Exactly the lines from the one containing "CT license plate AC37072" through the one containing "Women's Waffle Knit Sweater" in the listing below are to be copied, with the pictures left out.

[RECORDS SHOWN — start]

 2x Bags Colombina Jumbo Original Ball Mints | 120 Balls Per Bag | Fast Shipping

[RECORDS SHOWN — finish]
[RECORDS SHOWN — start]

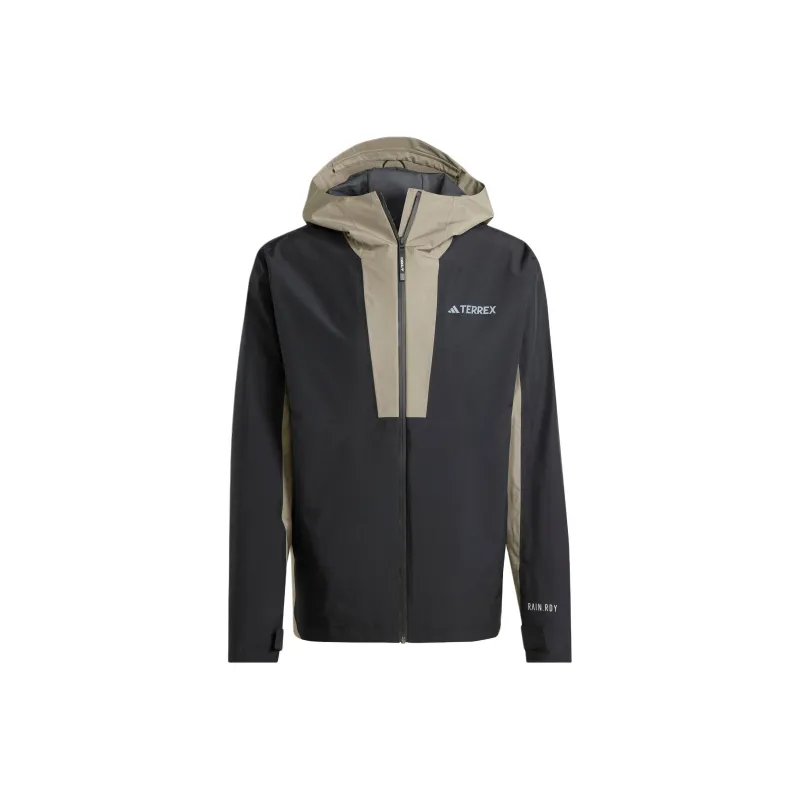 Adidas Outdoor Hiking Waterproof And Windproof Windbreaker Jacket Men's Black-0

[RECORDS SHOWN — finish]
[RECORDS SHOWN — start]

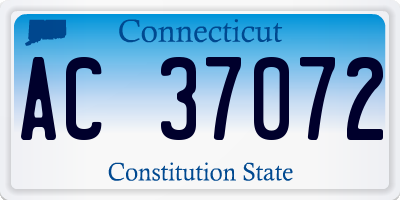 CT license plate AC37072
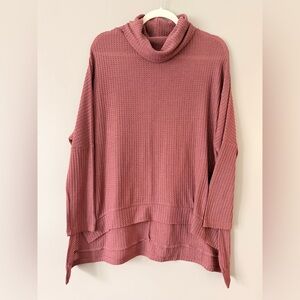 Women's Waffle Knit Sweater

[RECORDS SHOWN — finish]

### SOLUTION BELOW:
 CT license plate AC37072
 Women's Waffle Knit Sweater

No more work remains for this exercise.